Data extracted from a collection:
· · · ·
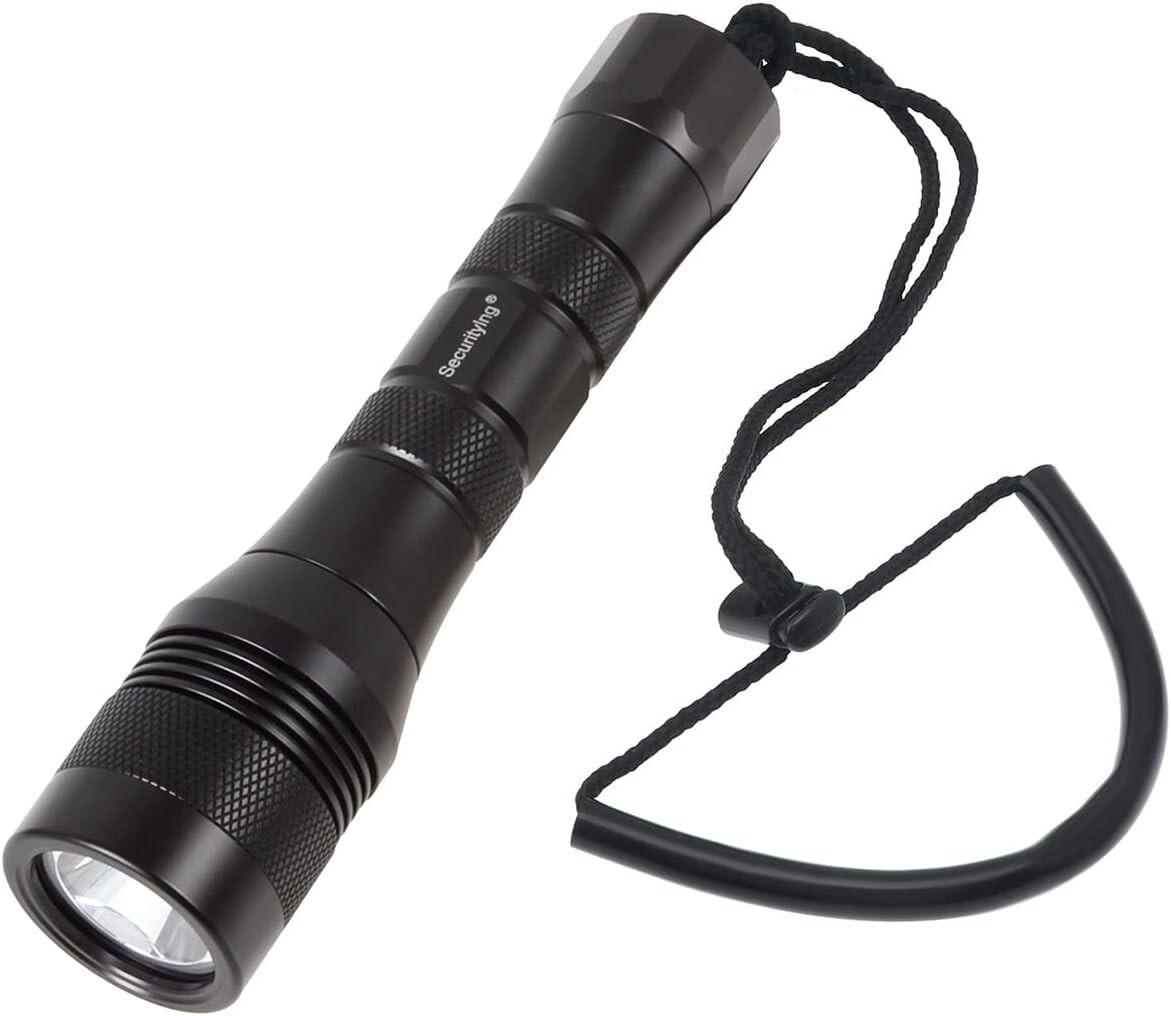 Waterproof Diving Torch with 1000 Lumens Brightness – Night Dive Essential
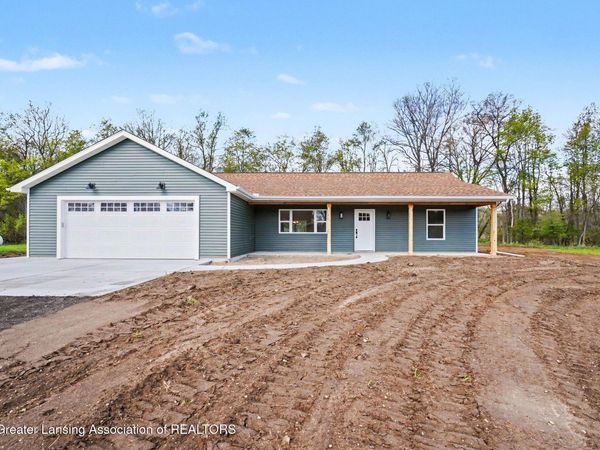 3847 Minix Drive, Stockbridge, MI 49285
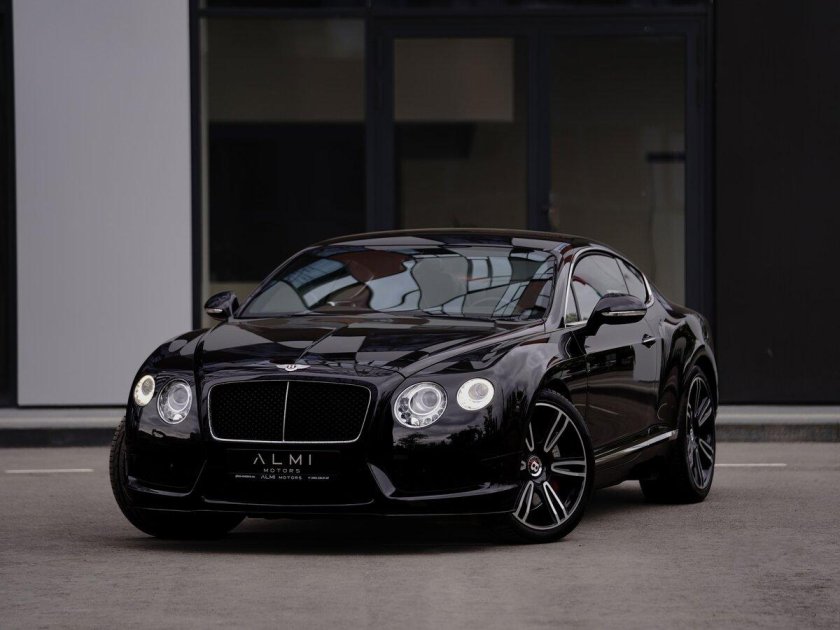 Машина bentley continental gt
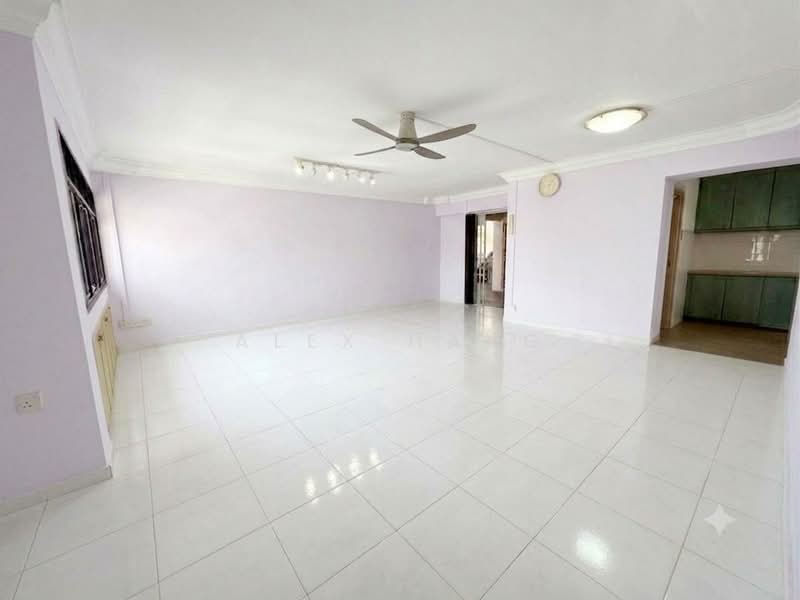 260B Sengkang East Way, 260B Sengkang East Way, 3 Bedrooms, 1,184 sqft, HDB Flat For Sale, by Alex Hang, 500195048 - Living Room - PropertyGuru.com.sg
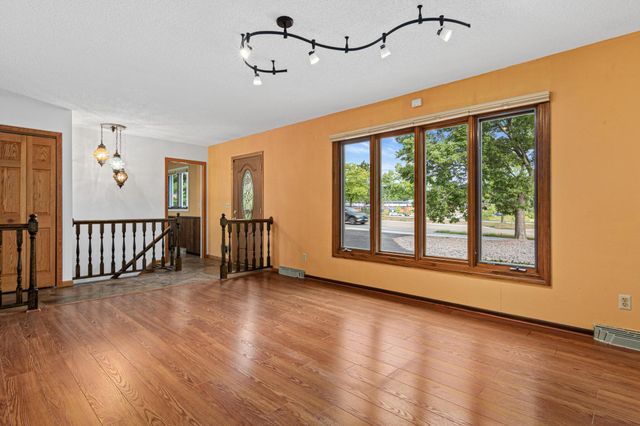 9339 Cedar Lake Road S, Saint Louis Park, MN 55426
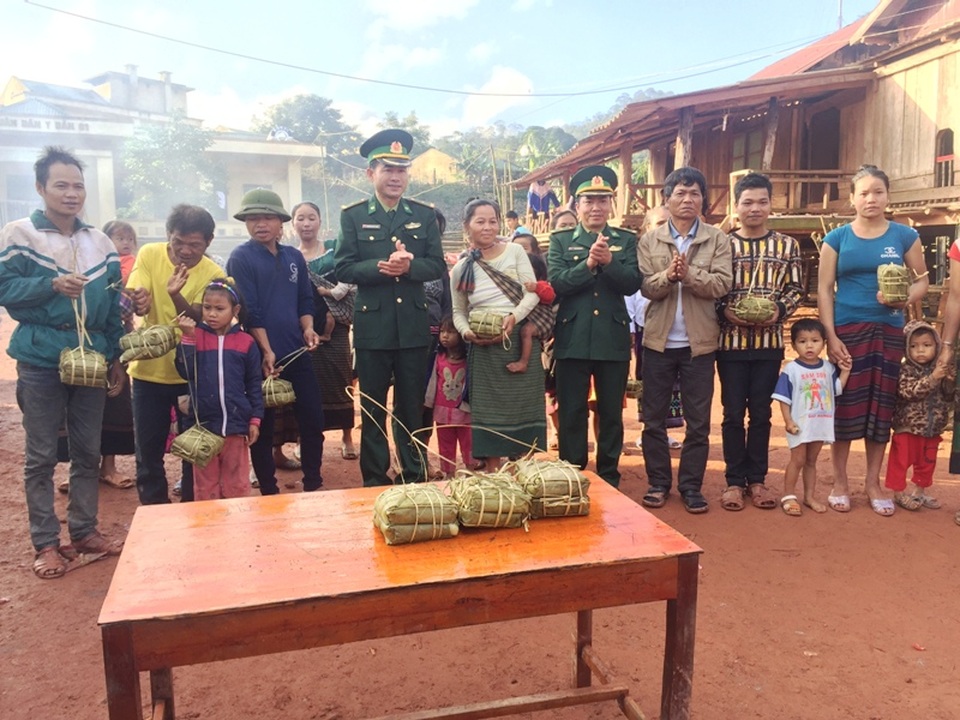 Cùng bà con dân bản cúng Tết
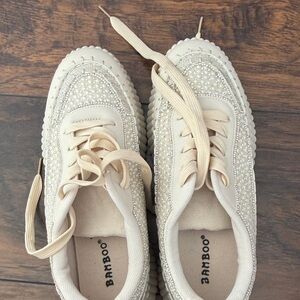 Women's Beige Sneakers with Pearl Accents SUPER CUTE PERFECT CONDITION Size 8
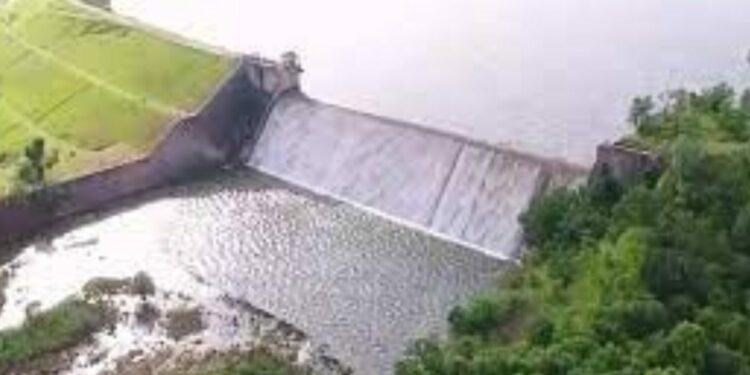 मोठी बातमी : सुखी गारबर्डी धरणाच्या वेस्ट वेअरमध्ये ९ पर्यटक अडकले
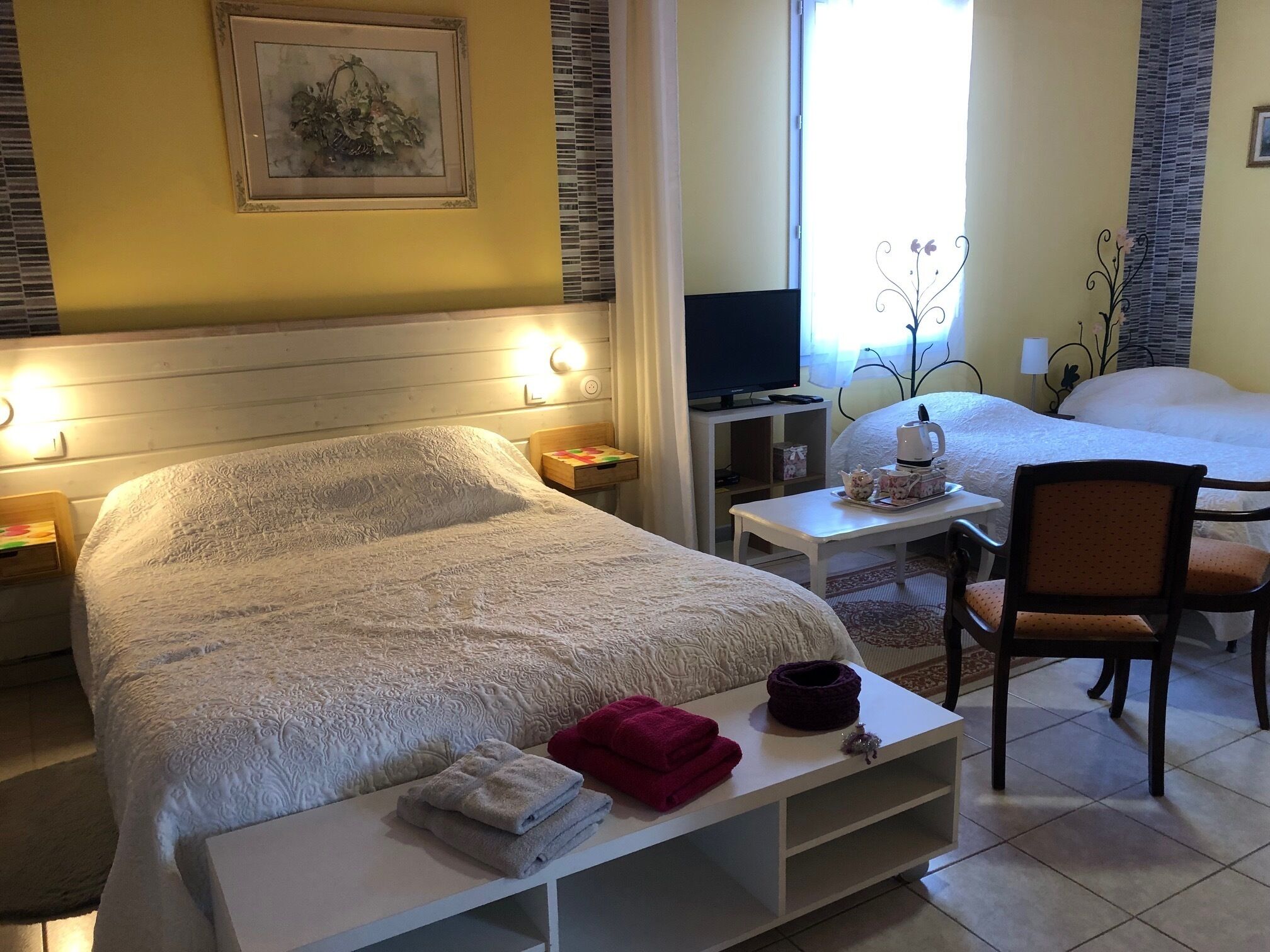 1 chambre, fer et planche à repasser, accès Internet, draps fournis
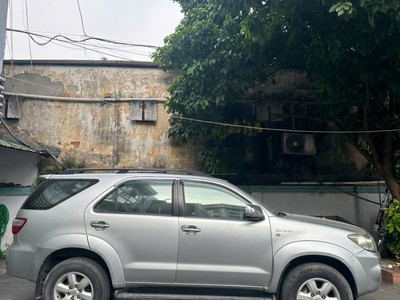 FORTUNER 2011 std 2 cầu giá chỉ 270 triệu 1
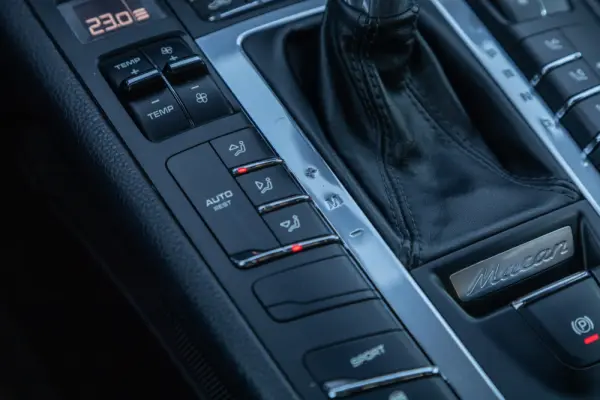Porsche Macan PDK 79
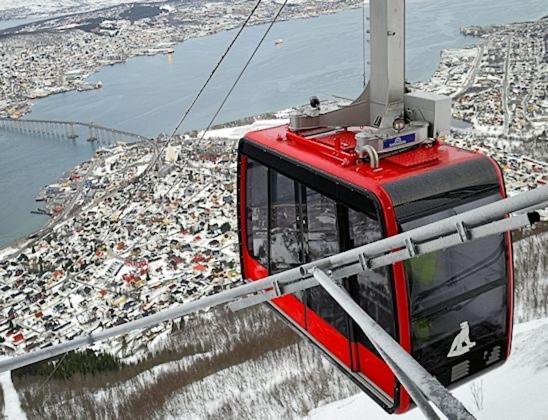 Walo Apartments Tromsdalen - Close To Cable Car And Arctic Cathedral, 10 Min By Bus To City Centre, Free Parking Tromso Exterior photo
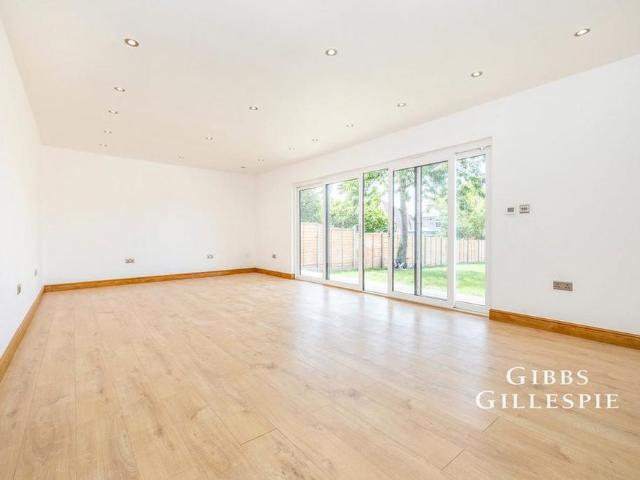 5 bedroom detached house to rent
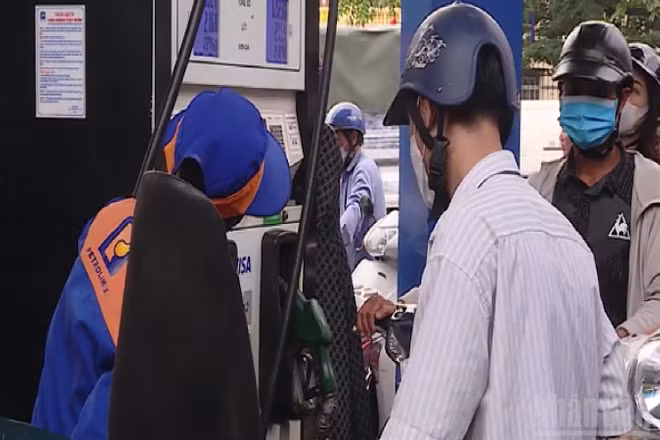 [Video] Bộ Công Thương yêu cầu bảo đảm nguồn cung xăng dầu 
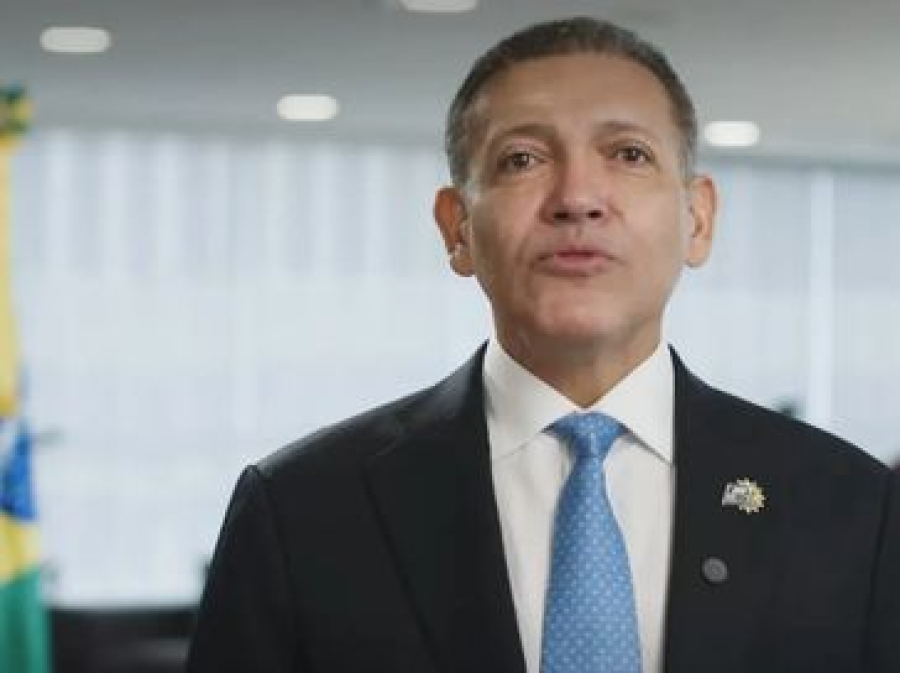 TSE rebate Flávio Bolsonaro e afirma que fiscais do PL não foram expulsos durante apuração
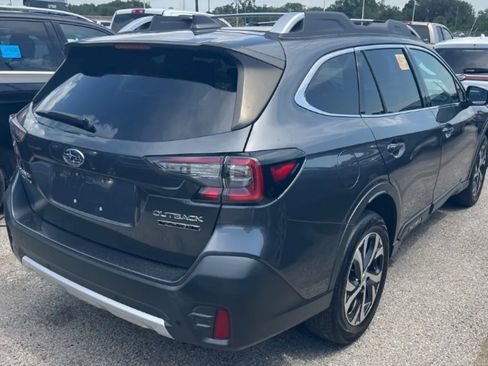 Used 2022 Subaru Outback Touring XT AWD/4WD image 3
· · · ·
- [TASK GOAL]
In the records above, take every line from the opening one through the line with "मोठी बातमी : सुखी" and repeat it exactly; pictures are not part of the copy.

- [ANSWER SECTION]
 Waterproof Diving Torch with 1000 Lumens Brightness – Night Dive Essential
 3847 Minix Drive, Stockbridge, MI 49285
 Машина bentley continental gt
 260B Sengkang East Way, 260B Sengkang East Way, 3 Bedrooms, 1,184 sqft, HDB Flat For Sale, by Alex Hang, 500195048 - Living Room - PropertyGuru.com.sg
 9339 Cedar Lake Road S, Saint Louis Park, MN 55426
 Cùng bà con dân bản cúng Tết
 Women's Beige Sneakers with Pearl Accents SUPER CUTE PERFECT CONDITION Size 8
 मोठी बातमी : सुखी गारबर्डी धरणाच्या वेस्ट वेअरमध्ये ९ पर्यटक अडकले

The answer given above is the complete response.